This week’s customer currently uses a synchronous web application to host the orders service, which is causing various issues—for example, the code is too tightly coupled with downstream API calls. Morgan suggested that they move to an event-driven architecture to solve this problem.

An event-driven architecture uses events to invoke and communicate between decoupled services. It’s a common architecture in modern applications that are built with microservices. An event is a change in state, or an update, such as placing an item in a shopping cart on an ecommerce website. Events can either carry the state (the item purchased, its price, and a delivery address) or events can be identifiers (a notification that an order was shipped).

Event-driven architectures have three key components: event producers, event routers, and event consumers. A producer publishes an event to the router, which filters and pushes the events to consumers. Producer services and consumer services are decoupled, which means that they can be scaled, updated, and deployed independently.

The following diagram shows an example of an event-driven architecture for an ecommerce site. By using this architecture, the site can react to changes from various sources during times of peak demand, without crashing the application or overprovisioning resources.

For more information about event-driven architectures, see What is an Event-Driven Architecture?

Amazon EventBridge compared to Amazon SNS

You can use both Amazon EventBridge and Amazon Simple Notification Service (Amazon SNS) to develop event-driven applications. Your choice will depend on your specific needs.

We recommend EventBridge when you want to build an application that reacts to events from software as a service (SaaS) applications or AWS services. EventBridge is the only event-based service that integrates directly with third-party SaaS AWS Partners. EventBridge also automatically ingests events from over 90 AWS services without requiring developers to create any resources in their account. In addition, EventBridge uses a defined, JSON-based structure for events, and you can also select events to forward to a target by creating rules that are applied across the entire event body. EventBridge currently supports over 15 AWS services as targets, including AWS Lambda, Amazon Simple Queue Service (Amazon SQS), Amazon SNS, Amazon Kinesis Data Streams, and Amazon Kinesis Data Firehose, and more. At launch, EventBridge has limited throughput (see the service limits), which can be increased on request. It also has a typical latency of about half a second.

We recommend Amazon SNS when you want to build an application that reacts to high throughput or low-latency messages that are published by other applications or microservices. Amazon SNS provides nearly unlimited throughput. You can also use it for applications that need very high fan-out (thousands or millions of endpoints). Messages are unstructured and can be in any format. Amazon SNS supports forwarding messages to six different types of targets, including AWS Lambda, Amazon SQS, HTTP/S endpoints, Short Message Service (SMS), mobile push, and email. The typical latency of Amazon SNS typical is under 30 milliseconds. A range of AWS services—more than 30, including Amazon Elastic Compute Cloud (Amazon EC2), Amazon Simple Storage Service (Amazon S3), and Amazon Relational Database Service (Amazon RDS)—send SNS messages by configuring the service to send them.

Amazon EventBridge

EventBridge is a serverless event bus service that you can use to connect your applications with data from various sources. EventBridge delivers a stream of real-time data from your applications, software as a service (SaaS) applications, and AWS services to targets such as AWS Lambda functions, HTTP invocation endpoints using API destinations, or event buses in other AWS accounts.
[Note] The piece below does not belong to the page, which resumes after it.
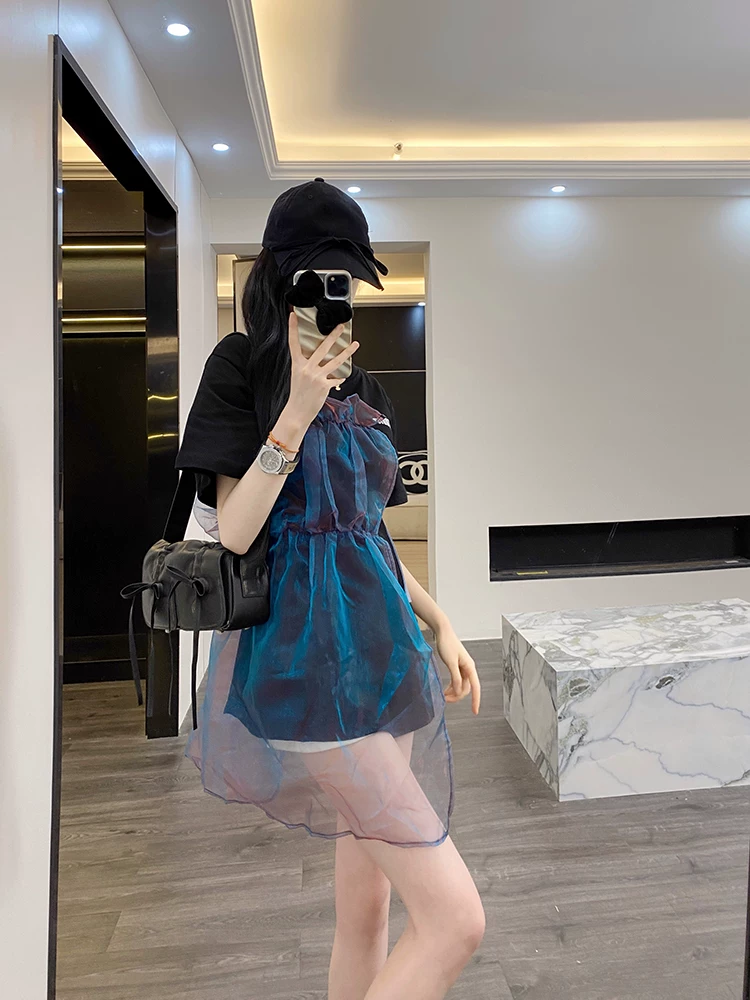 Front view of black oversized T-shirt with blue sheer overlay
EventBridge receives an event, which is an indicator of a change in environment. EventBridge then applies a rule to route the event to a target. Rules match events to targets based on either the structure of the event (which is called an event pattern), or on a schedule. For example, when an EC2 instance changes from pending to running, you can have a rule that sends the event to a Lambda function. For more information about events, see Amazon EventBridge events. For more information about rules, see Amazon EventBridge rules. Finally, for more information about event patterns, see Amazon EventBridge event patterns.

All events that come to EventBridge are associated with an event bus. Rules are tied to a single event bus, so they can only be applied to events on that event bus. Your account has a default event bus, which receives events from AWS services. You can also create custom event buses to send or receive events from a different account or Region. For more information about event buses, see Amazon EventBridge event buses.

For more information about Amazon EventBridge, see the Amazon EventBridge FAQs or What is Amazon EventBridge?

Amazon SNS

Amazon SNS is a managed service that provides message delivery from publishers to subscribers (which are also known as producers and consumers). Publishers communicate asynchronously with subscribers by sending messages to a topic, which is a logical access point and communication channel. Clients can subscribe to the SNS topic and receive published messages by using a supported endpoint type, such as Amazon Kinesis Data Firehose, Amazon SQS, AWS Lambda, HTTP, email, mobile push notifications, and mobile text messages through Short Message Service (SMS).

Morgan chose Amazon SNS the customer’s architecture because it’s simple to use and supports a straightforward way to send messages between application components.

Service Update: Amazon SNS now supports payload-based message filtering click here for more information.

Amazon DynamoDB Streams

DynamoDB Streams captures a time-ordered sequence of item-level modifications in any DynamoDB table, and stores this information in a log for up to 24 hours. Applications can access this log and view the data items as they appeared, before and after they were modified, in near-real time.Encryption at rest encrypts the data in DynamoDB streams.DynamoDB Streams helps ensure the following:

  • Each stream record appears exactly one time in the stream.
  • For each item that is modified in a DynamoDB table, the stream records appear in the same sequence as the actual modifications to the item.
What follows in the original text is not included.